**Exercise aim:** Pictures aside, please retype the whole listing word for word.

**Data extract:**
______

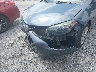 2T1BURHE9HC****** Salvage and Repairable 2017 Toyota Corolla in Georgia State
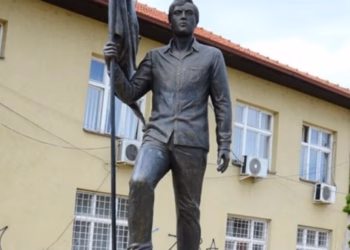 ​37 vjet nga vrasja e Ali Ajetit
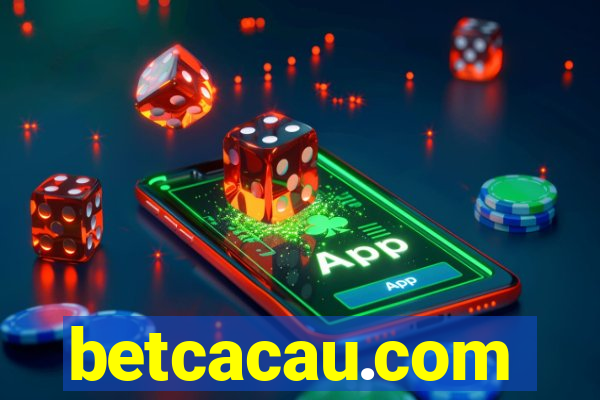 betcacau.com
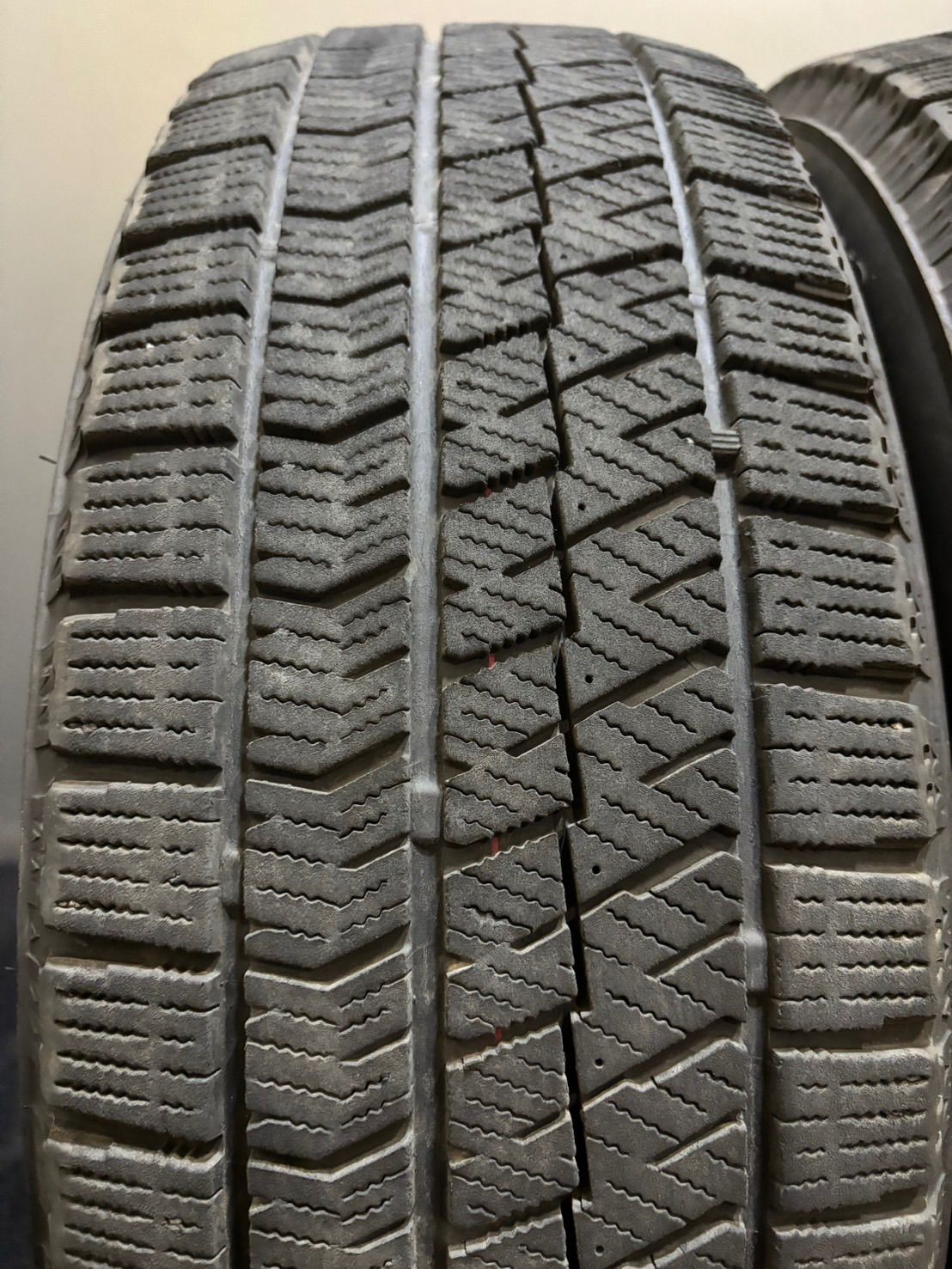 《期間限定！ポイントアップ！》Tombo Solo J-80 (アコーディオン) 期間限定！ポイントアップ！》Tombo Solo J-80 (アコーディオン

______

**Response to this task:**
 2T1BURHE9HC****** Salvage and Repairable 2017 Toyota Corolla in Georgia State
 ​37 vjet nga vrasja e Ali Ajetit
 betcacau.com
 《期間限定！ポイントアップ！》Tombo Solo J-80 (アコーディオン) 期間限定！ポイントアップ！》Tombo Solo J-80 (アコーディオン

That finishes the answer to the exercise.